Clara harus dioperasi hari itu juga.
Semua terjadi cepat. Terlalu cepat.
Ponselnya diletakkan di laci rumah sakit. Mati total karena jatuh saat ia dibawa masuk ruang gawat darurat.
Dalam ketergesaan itu…
Clara tidak sempat memberi kabar pada Reymon.
Dan operasi berjalan.
Tiga hari pertama pasca operasi terasa berat. Tubuh lemah, kepala pusing, perih di bekas sayatan membuat Clara sulit bergerak. Ia hanya tidur, bangun, tidur lagi. Dunia terasa buram.
Baru di hari kelima ia cukup pulih untuk memperhatikan ponselnya.
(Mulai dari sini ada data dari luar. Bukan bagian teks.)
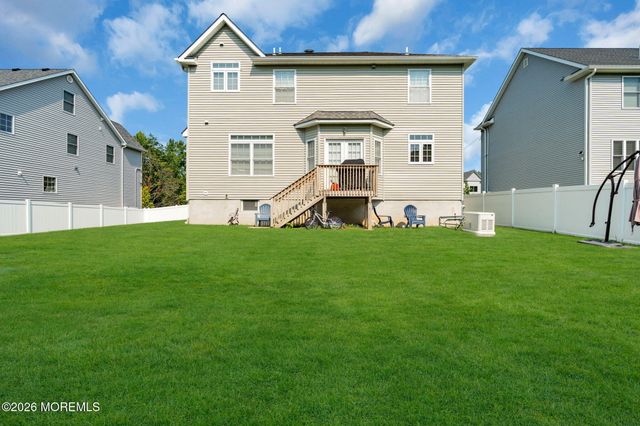 22 Wicker Place, Morganville, NJ 07751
Ponsel itu rusak parah dan akhirnya diperbaiki oleh ibunya.
Barulah Clara melihat—
Puluhan pesan dari Reymon.
Bertanya di mana Clara.
Apakah Clara marah.
Apakah Clara sedang menjauh.
Apakah Clara baik-baik saja.
Dan yang paling menusuk:
“Clara, kamu jangan hilang gini. Aku takut.”
Clara menggigit bibirnya.
Ia tahu Reymon pasti panik. Tapi ia juga tidak punya cukup tenaga untuk menjelaskan semuanya saat itu.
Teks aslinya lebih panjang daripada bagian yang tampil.